R’s condition handling and recovery system is build atop S3, making it extremely customisable by letting you add and handle custom metadata pretty much however you want. It also has some nice built-in types of conditions like errors, warnings, and messages, as well as having finally blocks in tryCatch(). The only real oddity of the system is that its conditionals are treated as functions of the error, meaning that you will have to write strange code like tryCatch(code, error = function(unused) "error", warning = function(unused) "warning"). However, this is the price that you pay for being able to use code like tryCatch(code, myError = function(e) paste0(e$message, " was triggered by ",e$call,". Try ",e$suggestion). As a final point of interest, I’ve heard that R’s condition handling system is one of the best copies of Common Lisp’s, which I’ve heard awesome things about.
Speaking of Lisp, statistical Lisps used to be a thing. I’ve heard rumours of them still being used in Japan, but I can’t find anything to back that up. Everything that I’ve found says that R killed them off. As far as I know, nobody’s tried to make another such Lisp since the 90’s. The fact that R can claim to have eradicated an entire category of language design is a great point in its favour. It’s also possible evidence that I’m correct to say that R resembling C is to its benefit. However, I’d be overjoyed to hear of such Lisps making a comeback. Imagine if we’re just one good Clojure library away from R surrendering to its Scheme roots and birthing a modern statistical Lisp.
Base R is quite stable. Breaking changes are almost unheard of. I don’t agree that they should be trying so hard to maintain compatibility with S, but this is an undeniable benefit of that decision.
The fact that the Tidyverse is just an R library, rather than an entirely separate language, is a testament to R’s metaprograming. I like being able to define new infix operators and replacement functions, but the Tidyverse went above and beyond. Where else do you see an entire library of pipes? Until very recently, base R didn’t even have pipes!
The Tidyverse is proof that people are trying to fix R. Although that comes with the implication that R is broken, the fact that people are both willing and able to fix it definitely says something nice about R.
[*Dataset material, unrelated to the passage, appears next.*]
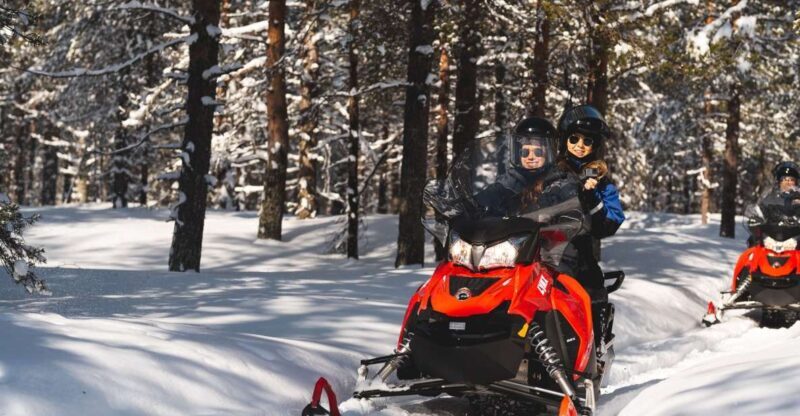 Rovaniemi: Snowmobile Safari into the Arctic Circle Forest - Key Points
I generally like the RStudio IDE. When Emacs is the only alternative that anyone takes seriously, you know that you’ve done a good job.
There is only one implementation of R that anyone’s ever heard of, so you never need to worry about undefined behaviour.
There’s something hilarious about R being a language where dangerous forbidden techniques actually run. In most other languages, comments that read # FORBIDDEN would indicate that the code produces some sort of error. Not R.